## Your instructions
Could the lines from the line bearing "John Hardy Icon" to the end of the records below be copied exactly, with the pictures left out and no other lines added?

[Brief descriptive captions]
__________

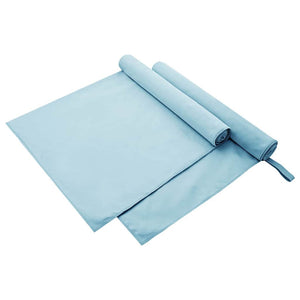 Vidaxl sporthanddoeken 2 st blauw 180 x 90 cm polyester en polyamide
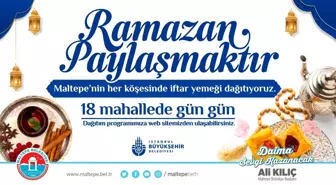 Maltepe Belediyesi'nden 60 bin kişiye ücretsiz iftar yemeği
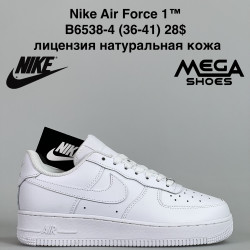 Кроссовки Nike Air Force 1™ лицензия, натуральная кожа B6538-4 JM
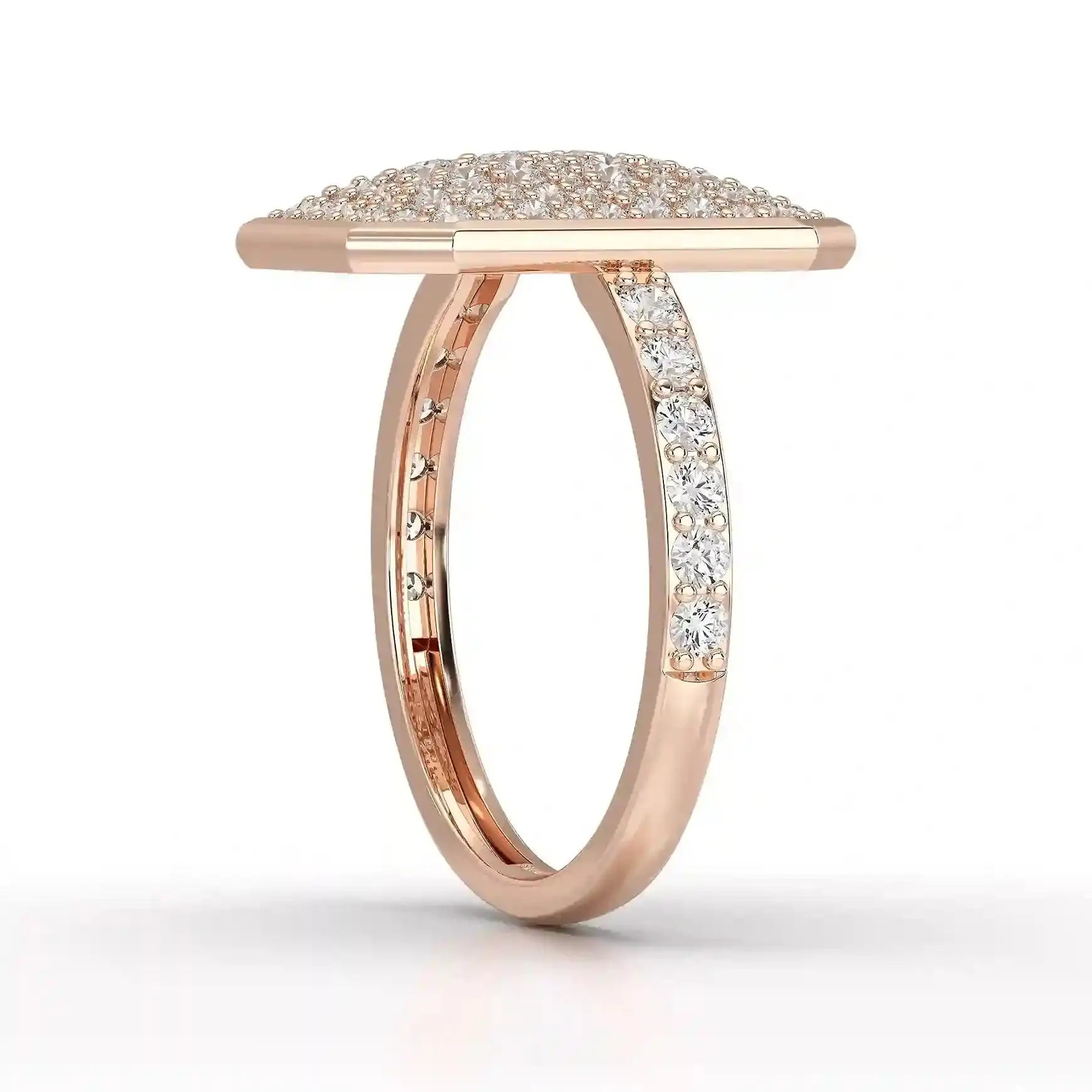 1.20 CT Octagonal Shaped Diamond Ring Jama Jewels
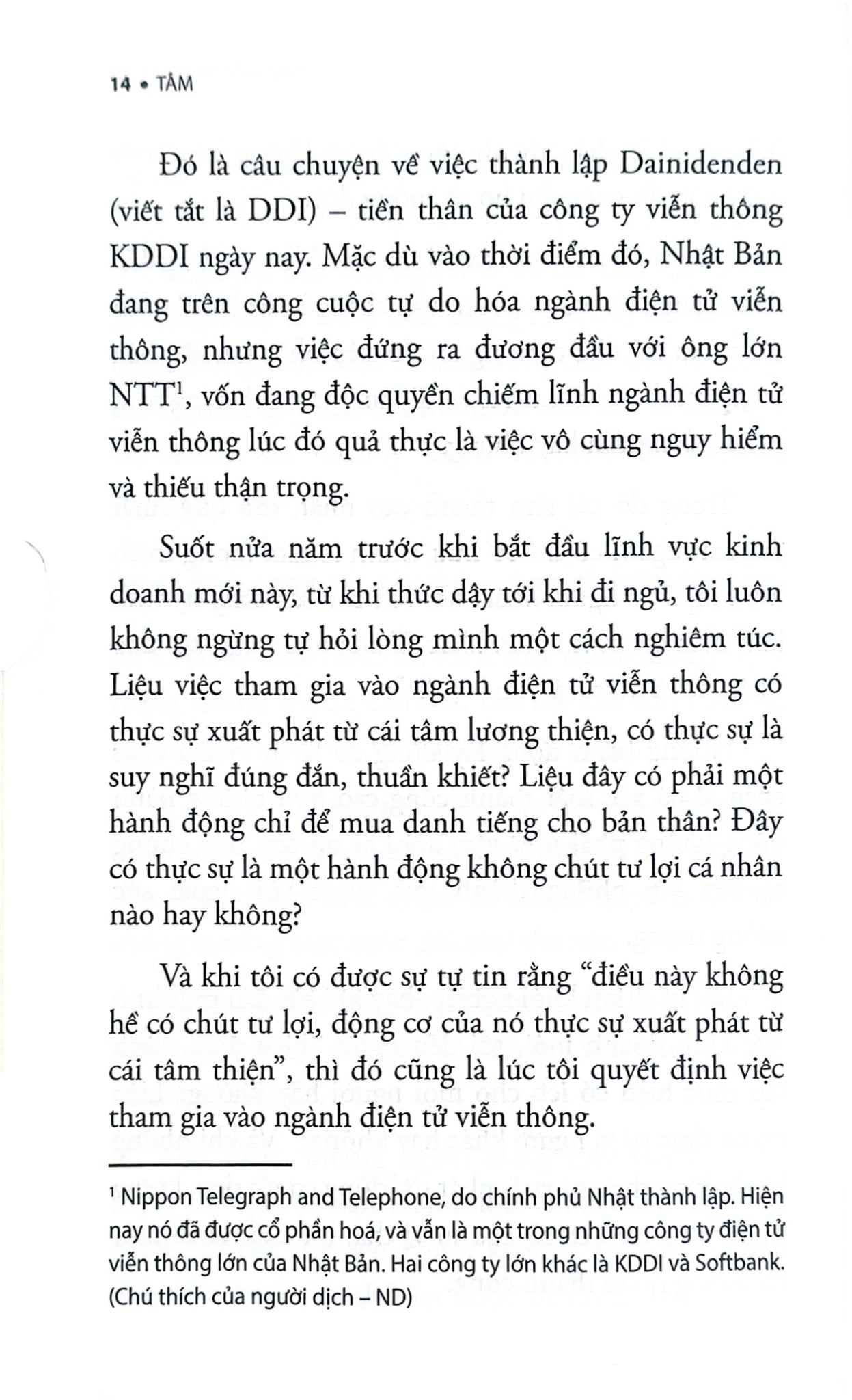 Tâm - Sức Mạnh Khiến Cuộc Đời Như Mình Mong Muốn - Inamori Kazuo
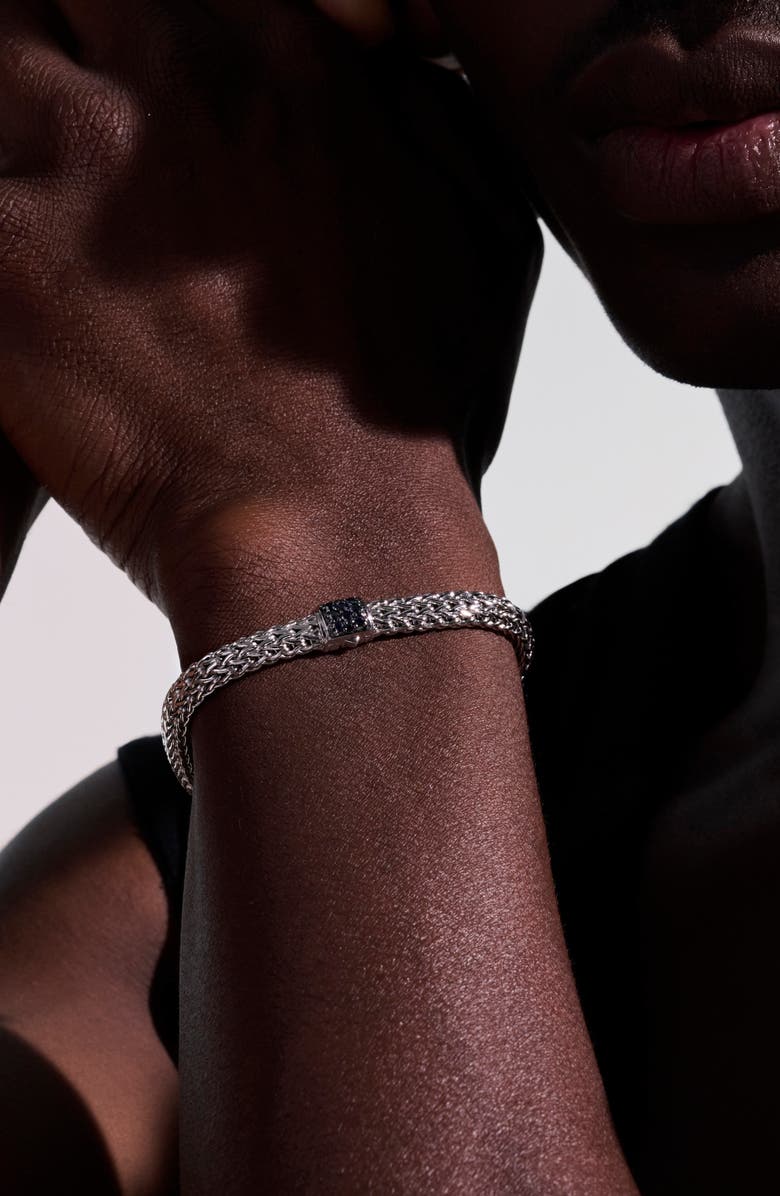 John Hardy Icon Bracelet, Sterling Silver, Pavé, 6.5mm, Alternate, color, 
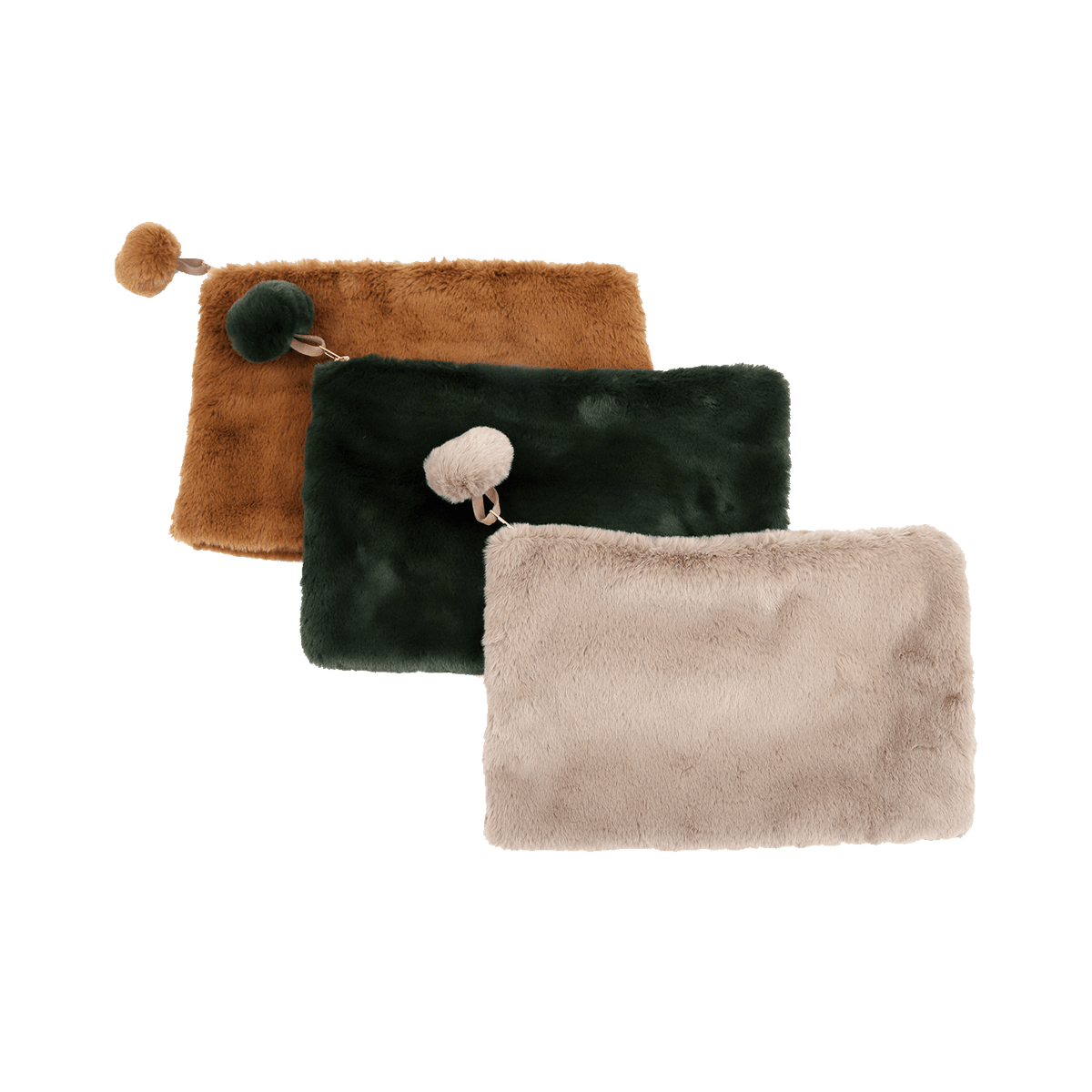 Trousse de toilette Zelia Kaki, brun,beige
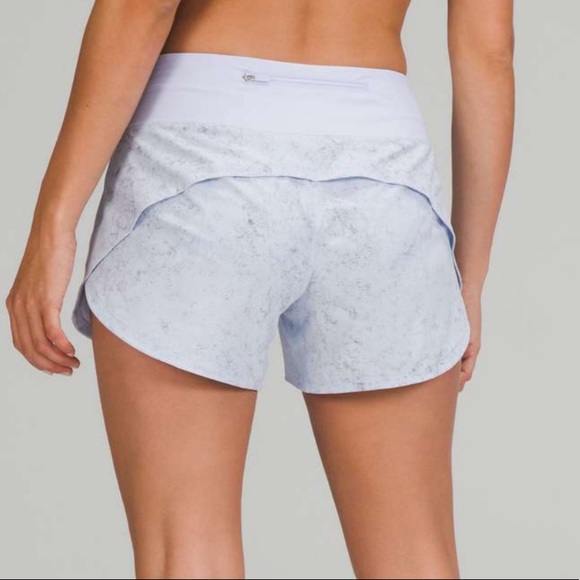 💙LULULEMON SPEED UP SHORT 4”-GRAVEL DUST PASTEL BLUE MULTI-6💙 - Picture 3 of 10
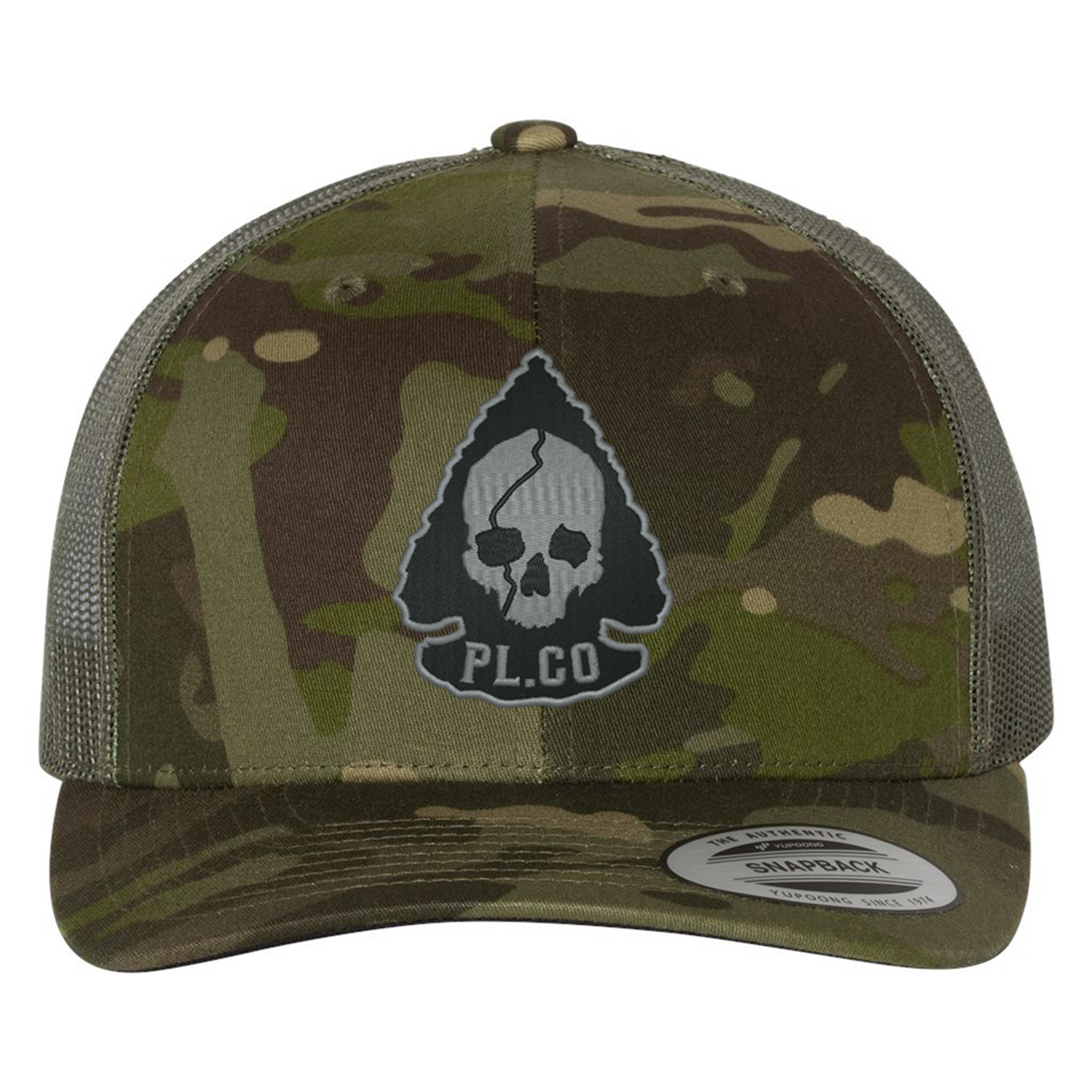 Camo Arrowhead Snapback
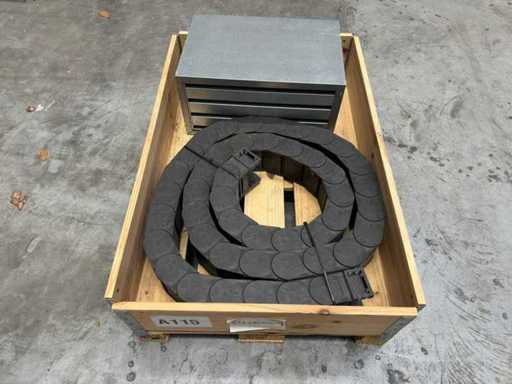 Partia łańcuchów energetycznych z metalową skrzynką sterującą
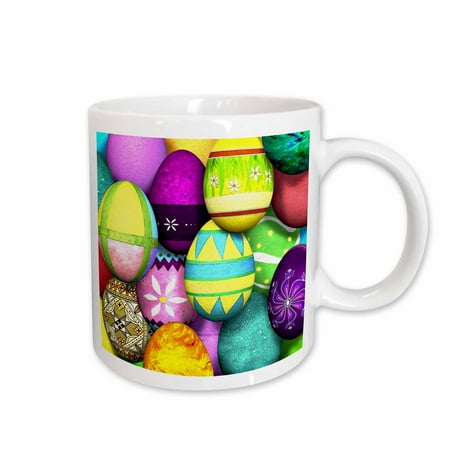 3dRose Dyed Easter Eggs Ceramic Mug 11-ounce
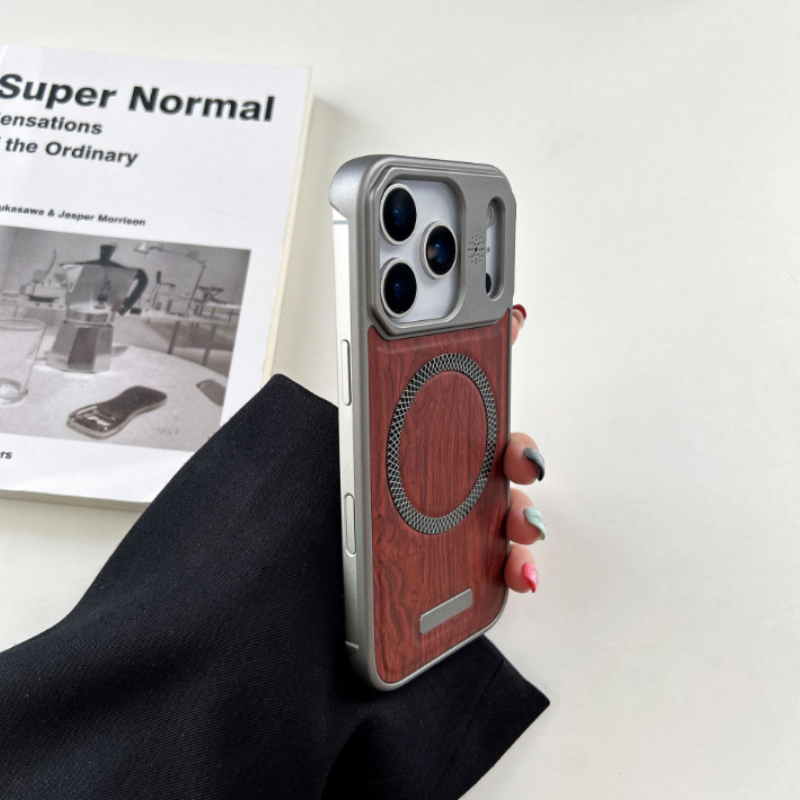 Wood Grain Magnetic Phone Case
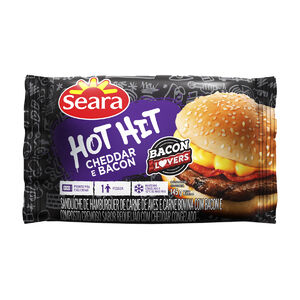 Sanduíche Hot Hit Cheddar e Bacon Seara 145g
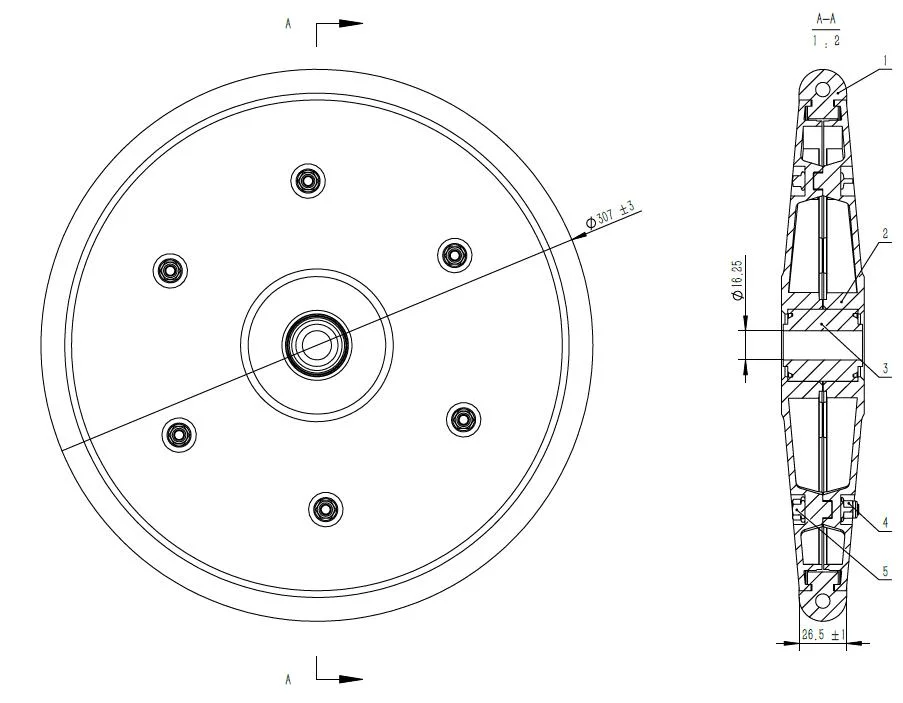 2 Years Warranty John Deere 1&quot; (310 X 26) Press Wheel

__________

## Task result
 John Hardy Icon Bracelet, Sterling Silver, Pavé, 6.5mm, Alternate, color, 
 Trousse de toilette Zelia Kaki, brun,beige
 💙LULULEMON SPEED UP SHORT 4”-GRAVEL DUST PASTEL BLUE MULTI-6💙 - Picture 3 of 10
 Camo Arrowhead Snapback
 Partia łańcuchów energetycznych z metalową skrzynką sterującą
 3dRose Dyed Easter Eggs Ceramic Mug 11-ounce
 Wood Grain Magnetic Phone Case
 Sanduíche Hot Hit Cheddar e Bacon Seara 145g
 2 Years Warranty John Deere 1&quot; (310 X 26) Press Wheel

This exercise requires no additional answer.